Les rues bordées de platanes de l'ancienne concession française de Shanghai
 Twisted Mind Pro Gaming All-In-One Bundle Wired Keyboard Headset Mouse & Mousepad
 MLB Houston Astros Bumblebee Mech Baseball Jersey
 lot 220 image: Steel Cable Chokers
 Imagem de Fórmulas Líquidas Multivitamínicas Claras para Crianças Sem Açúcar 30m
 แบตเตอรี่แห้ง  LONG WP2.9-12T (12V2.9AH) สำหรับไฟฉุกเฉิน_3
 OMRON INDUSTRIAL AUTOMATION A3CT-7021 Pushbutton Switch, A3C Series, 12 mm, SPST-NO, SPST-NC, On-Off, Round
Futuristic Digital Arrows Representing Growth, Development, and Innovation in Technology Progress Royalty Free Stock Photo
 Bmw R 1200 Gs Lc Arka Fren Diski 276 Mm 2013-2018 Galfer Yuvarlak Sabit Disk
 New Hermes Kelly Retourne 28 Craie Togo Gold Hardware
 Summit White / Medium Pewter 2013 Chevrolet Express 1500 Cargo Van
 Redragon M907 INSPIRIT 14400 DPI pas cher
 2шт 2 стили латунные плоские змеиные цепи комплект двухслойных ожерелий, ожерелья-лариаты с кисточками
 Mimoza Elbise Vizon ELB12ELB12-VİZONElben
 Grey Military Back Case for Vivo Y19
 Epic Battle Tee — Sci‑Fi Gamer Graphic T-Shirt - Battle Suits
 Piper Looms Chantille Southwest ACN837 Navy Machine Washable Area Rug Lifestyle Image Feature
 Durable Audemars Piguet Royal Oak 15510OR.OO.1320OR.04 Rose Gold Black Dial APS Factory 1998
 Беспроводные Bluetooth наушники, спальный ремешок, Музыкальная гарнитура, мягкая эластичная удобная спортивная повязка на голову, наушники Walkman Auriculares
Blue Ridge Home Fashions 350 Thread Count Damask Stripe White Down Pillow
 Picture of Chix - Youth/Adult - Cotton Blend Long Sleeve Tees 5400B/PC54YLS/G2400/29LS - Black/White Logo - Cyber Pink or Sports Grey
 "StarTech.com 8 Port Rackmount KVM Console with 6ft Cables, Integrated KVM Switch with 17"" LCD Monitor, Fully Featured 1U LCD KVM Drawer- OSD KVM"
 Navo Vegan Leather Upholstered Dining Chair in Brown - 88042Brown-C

==*==

**Task statement:** Within the entries above, work out how many lines contain the word "Gold". The number alone is the answer.

**Exercise solution:** 2